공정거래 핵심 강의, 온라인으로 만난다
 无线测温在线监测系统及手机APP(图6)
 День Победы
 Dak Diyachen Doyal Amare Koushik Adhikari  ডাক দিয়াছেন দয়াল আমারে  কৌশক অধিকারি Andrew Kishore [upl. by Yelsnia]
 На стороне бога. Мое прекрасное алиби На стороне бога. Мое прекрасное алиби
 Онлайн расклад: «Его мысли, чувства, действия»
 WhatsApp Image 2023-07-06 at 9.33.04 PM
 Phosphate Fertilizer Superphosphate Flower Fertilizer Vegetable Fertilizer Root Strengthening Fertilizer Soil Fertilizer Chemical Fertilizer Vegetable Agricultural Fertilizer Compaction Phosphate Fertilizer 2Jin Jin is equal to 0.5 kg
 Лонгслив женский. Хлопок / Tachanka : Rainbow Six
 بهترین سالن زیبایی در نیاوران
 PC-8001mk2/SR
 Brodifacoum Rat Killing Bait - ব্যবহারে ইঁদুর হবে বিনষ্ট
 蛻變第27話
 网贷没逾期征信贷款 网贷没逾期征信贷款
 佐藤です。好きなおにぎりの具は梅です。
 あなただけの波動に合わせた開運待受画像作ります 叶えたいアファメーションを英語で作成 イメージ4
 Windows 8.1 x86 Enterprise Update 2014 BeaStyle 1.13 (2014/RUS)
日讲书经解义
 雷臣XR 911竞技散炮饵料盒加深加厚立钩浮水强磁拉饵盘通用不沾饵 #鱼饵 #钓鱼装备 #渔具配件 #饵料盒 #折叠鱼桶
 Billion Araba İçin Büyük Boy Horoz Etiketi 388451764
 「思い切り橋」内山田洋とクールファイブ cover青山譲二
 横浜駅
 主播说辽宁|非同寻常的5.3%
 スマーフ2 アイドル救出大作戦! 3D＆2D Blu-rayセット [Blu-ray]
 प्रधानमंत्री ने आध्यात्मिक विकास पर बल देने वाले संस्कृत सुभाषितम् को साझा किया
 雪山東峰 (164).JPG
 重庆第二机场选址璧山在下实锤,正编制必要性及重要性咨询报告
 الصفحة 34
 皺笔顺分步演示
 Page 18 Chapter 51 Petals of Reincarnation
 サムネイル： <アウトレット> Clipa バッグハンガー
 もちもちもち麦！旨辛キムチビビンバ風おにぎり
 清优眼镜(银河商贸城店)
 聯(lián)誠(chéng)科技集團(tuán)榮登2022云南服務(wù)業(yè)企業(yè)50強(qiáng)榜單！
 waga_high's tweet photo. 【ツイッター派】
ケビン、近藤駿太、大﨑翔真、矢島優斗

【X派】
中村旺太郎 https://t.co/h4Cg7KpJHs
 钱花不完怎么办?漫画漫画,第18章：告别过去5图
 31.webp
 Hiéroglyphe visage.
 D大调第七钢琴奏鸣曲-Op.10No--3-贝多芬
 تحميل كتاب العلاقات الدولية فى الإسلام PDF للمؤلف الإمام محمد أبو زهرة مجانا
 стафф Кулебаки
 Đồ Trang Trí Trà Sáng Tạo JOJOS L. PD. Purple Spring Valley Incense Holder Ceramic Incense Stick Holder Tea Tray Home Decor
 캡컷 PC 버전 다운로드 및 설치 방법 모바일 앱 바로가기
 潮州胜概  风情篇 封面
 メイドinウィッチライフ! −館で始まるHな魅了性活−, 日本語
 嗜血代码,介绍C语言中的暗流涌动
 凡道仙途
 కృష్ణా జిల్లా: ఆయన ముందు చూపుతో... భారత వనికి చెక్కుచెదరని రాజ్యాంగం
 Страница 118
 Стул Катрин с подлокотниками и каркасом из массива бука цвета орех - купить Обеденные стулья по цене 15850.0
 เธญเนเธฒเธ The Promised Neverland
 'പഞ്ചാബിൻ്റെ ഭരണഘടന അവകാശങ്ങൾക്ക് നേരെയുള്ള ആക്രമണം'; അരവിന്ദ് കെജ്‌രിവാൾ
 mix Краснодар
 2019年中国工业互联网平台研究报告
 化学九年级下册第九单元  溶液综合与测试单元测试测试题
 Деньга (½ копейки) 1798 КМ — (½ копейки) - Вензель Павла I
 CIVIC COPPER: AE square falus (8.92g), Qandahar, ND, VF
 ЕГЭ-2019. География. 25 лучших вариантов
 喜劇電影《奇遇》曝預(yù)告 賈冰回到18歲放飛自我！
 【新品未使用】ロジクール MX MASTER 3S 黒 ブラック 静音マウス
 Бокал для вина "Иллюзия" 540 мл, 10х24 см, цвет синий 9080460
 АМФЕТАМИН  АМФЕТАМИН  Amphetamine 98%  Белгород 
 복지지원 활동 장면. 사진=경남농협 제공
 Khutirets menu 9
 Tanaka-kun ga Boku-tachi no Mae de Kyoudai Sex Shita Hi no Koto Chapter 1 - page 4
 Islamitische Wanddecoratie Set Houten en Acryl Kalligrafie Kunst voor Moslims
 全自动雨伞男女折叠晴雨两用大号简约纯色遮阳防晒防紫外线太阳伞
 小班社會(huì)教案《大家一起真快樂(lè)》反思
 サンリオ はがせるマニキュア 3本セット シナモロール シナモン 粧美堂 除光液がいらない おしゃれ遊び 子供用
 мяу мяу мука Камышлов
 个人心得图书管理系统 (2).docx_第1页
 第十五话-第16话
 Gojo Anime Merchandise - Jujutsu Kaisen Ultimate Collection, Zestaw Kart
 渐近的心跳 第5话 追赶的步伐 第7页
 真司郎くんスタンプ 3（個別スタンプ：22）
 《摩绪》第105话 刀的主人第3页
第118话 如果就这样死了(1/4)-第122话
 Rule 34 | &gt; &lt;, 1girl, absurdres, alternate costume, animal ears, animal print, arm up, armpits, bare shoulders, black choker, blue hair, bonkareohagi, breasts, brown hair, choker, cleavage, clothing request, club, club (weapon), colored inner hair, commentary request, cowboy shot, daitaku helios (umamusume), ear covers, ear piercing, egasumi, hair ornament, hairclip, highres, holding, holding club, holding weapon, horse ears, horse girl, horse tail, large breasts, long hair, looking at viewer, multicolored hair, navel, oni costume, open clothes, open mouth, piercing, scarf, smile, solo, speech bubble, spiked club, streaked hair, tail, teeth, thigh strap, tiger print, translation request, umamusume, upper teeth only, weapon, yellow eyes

**What to produce**
Retype all of the material exactly as it stands above.

**Result**
공정거래 핵심 강의, 온라인으로 만난다
 无线测温在线监测系统及手机APP(图6)
 День Победы
 Dak Diyachen Doyal Amare Koushik Adhikari  ডাক দিয়াছেন দয়াল আমারে  কৌশক অধিকারি Andrew Kishore [upl. by Yelsnia]
 На стороне бога. Мое прекрасное алиби На стороне бога. Мое прекрасное алиби
 Онлайн расклад: «Его мысли, чувства, действия»
 WhatsApp Image 2023-07-06 at 9.33.04 PM
 Phosphate Fertilizer Superphosphate Flower Fertilizer Vegetable Fertilizer Root Strengthening Fertilizer Soil Fertilizer Chemical Fertilizer Vegetable Agricultural Fertilizer Compaction Phosphate Fertilizer 2Jin Jin is equal to 0.5 kg
 Лонгслив женский. Хлопок / Tachanka : Rainbow Six
 بهترین سالن زیبایی در نیاوران
 PC-8001mk2/SR
 Brodifacoum Rat Killing Bait - ব্যবহারে ইঁদুর হবে বিনষ্ট
 蛻變第27話
 网贷没逾期征信贷款 网贷没逾期征信贷款
 佐藤です。好きなおにぎりの具は梅です。
 あなただけの波動に合わせた開運待受画像作ります 叶えたいアファメーションを英語で作成 イメージ4
 Windows 8.1 x86 Enterprise Update 2014 BeaStyle 1.13 (2014/RUS)
日讲书经解义
 雷臣XR 911竞技散炮饵料盒加深加厚立钩浮水强磁拉饵盘通用不沾饵 #鱼饵 #钓鱼装备 #渔具配件 #饵料盒 #折叠鱼桶
 Billion Araba İçin Büyük Boy Horoz Etiketi 388451764
 「思い切り橋」内山田洋とクールファイブ cover青山譲二
 横浜駅
 主播说辽宁|非同寻常的5.3%
 スマーフ2 アイドル救出大作戦! 3D＆2D Blu-rayセット [Blu-ray]
 प्रधानमंत्री ने आध्यात्मिक विकास पर बल देने वाले संस्कृत सुभाषितम् को साझा किया
 雪山東峰 (164).JPG
 重庆第二机场选址璧山在下实锤,正编制必要性及重要性咨询报告
 الصفحة 34
 皺笔顺分步演示
 Page 18 Chapter 51 Petals of Reincarnation
 サムネイル： <アウトレット> Clipa バッグハンガー
 もちもちもち麦！旨辛キムチビビンバ風おにぎり
 清优眼镜(银河商贸城店)
 聯(lián)誠(chéng)科技集團(tuán)榮登2022云南服務(wù)業(yè)企業(yè)50強(qiáng)榜單！
 waga_high's tweet photo. 【ツイッター派】
ケビン、近藤駿太、大﨑翔真、矢島優斗

【X派】
中村旺太郎 https://t.co/h4Cg7KpJHs
 钱花不完怎么办?漫画漫画,第18章：告别过去5图
 31.webp
 Hiéroglyphe visage.
 D大调第七钢琴奏鸣曲-Op.10No--3-贝多芬
 تحميل كتاب العلاقات الدولية فى الإسلام PDF للمؤلف الإمام محمد أبو زهرة مجانا
 стафф Кулебаки
 Đồ Trang Trí Trà Sáng Tạo JOJOS L. PD. Purple Spring Valley Incense Holder Ceramic Incense Stick Holder Tea Tray Home Decor
 캡컷 PC 버전 다운로드 및 설치 방법 모바일 앱 바로가기
 潮州胜概  风情篇 封面
 メイドinウィッチライフ! −館で始まるHな魅了性活−, 日本語
 嗜血代码,介绍C语言中的暗流涌动
 凡道仙途
 కృష్ణా జిల్లా: ఆయన ముందు చూపుతో... భారత వనికి చెక్కుచెదరని రాజ్యాంగం
 Страница 118
 Стул Катрин с подлокотниками и каркасом из массива бука цвета орех - купить Обеденные стулья по цене 15850.0
 เธญเนเธฒเธ The Promised Neverland
 'പഞ്ചാബിൻ്റെ ഭരണഘടന അവകാശങ്ങൾക്ക് നേരെയുള്ള ആക്രമണം'; അരവിന്ദ് കെജ്‌രിവാൾ
 mix Краснодар
 2019年中国工业互联网平台研究报告
 化学九年级下册第九单元  溶液综合与测试单元测试测试题
 Деньга (½ копейки) 1798 КМ — (½ копейки) - Вензель Павла I
 CIVIC COPPER: AE square falus (8.92g), Qandahar, ND, VF
 ЕГЭ-2019. География. 25 лучших вариантов
 喜劇電影《奇遇》曝預(yù)告 賈冰回到18歲放飛自我！
 【新品未使用】ロジクール MX MASTER 3S 黒 ブラック 静音マウス
 Бокал для вина "Иллюзия" 540 мл, 10х24 см, цвет синий 9080460
 АМФЕТАМИН  АМФЕТАМИН  Amphetamine 98%  Белгород 
 복지지원 활동 장면. 사진=경남농협 제공
 Khutirets menu 9
 Tanaka-kun ga Boku-tachi no Mae de Kyoudai Sex Shita Hi no Koto Chapter 1 - page 4
 Islamitische Wanddecoratie Set Houten en Acryl Kalligrafie Kunst voor Moslims
 全自动雨伞男女折叠晴雨两用大号简约纯色遮阳防晒防紫外线太阳伞
 小班社會(huì)教案《大家一起真快樂(lè)》反思
 サンリオ はがせるマニキュア 3本セット シナモロール シナモン 粧美堂 除光液がいらない おしゃれ遊び 子供用
 мяу мяу мука Камышлов
 个人心得图书管理系统 (2).docx_第1页
 第十五话-第16话
 Gojo Anime Merchandise - Jujutsu Kaisen Ultimate Collection, Zestaw Kart
 渐近的心跳 第5话 追赶的步伐 第7页
 真司郎くんスタンプ 3（個別スタンプ：22）
 《摩绪》第105话 刀的主人第3页
第118话 如果就这样死了(1/4)-第122话
 Rule 34 | &gt; &lt;, 1girl, absurdres, alternate costume, animal ears, animal print, arm up, armpits, bare shoulders, black choker, blue hair, bonkareohagi, breasts, brown hair, choker, cleavage, clothing request, club, club (weapon), colored inner hair, commentary request, cowboy shot, daitaku helios (umamusume), ear covers, ear piercing, egasumi, hair ornament, hairclip, highres, holding, holding club, holding weapon, horse ears, horse girl, horse tail, large breasts, long hair, looking at viewer, multicolored hair, navel, oni costume, open clothes, open mouth, piercing, scarf, smile, solo, speech bubble, spiked club, streaked hair, tail, teeth, thigh strap, tiger print, translation request, umamusume, upper teeth only, weapon, yellow eyes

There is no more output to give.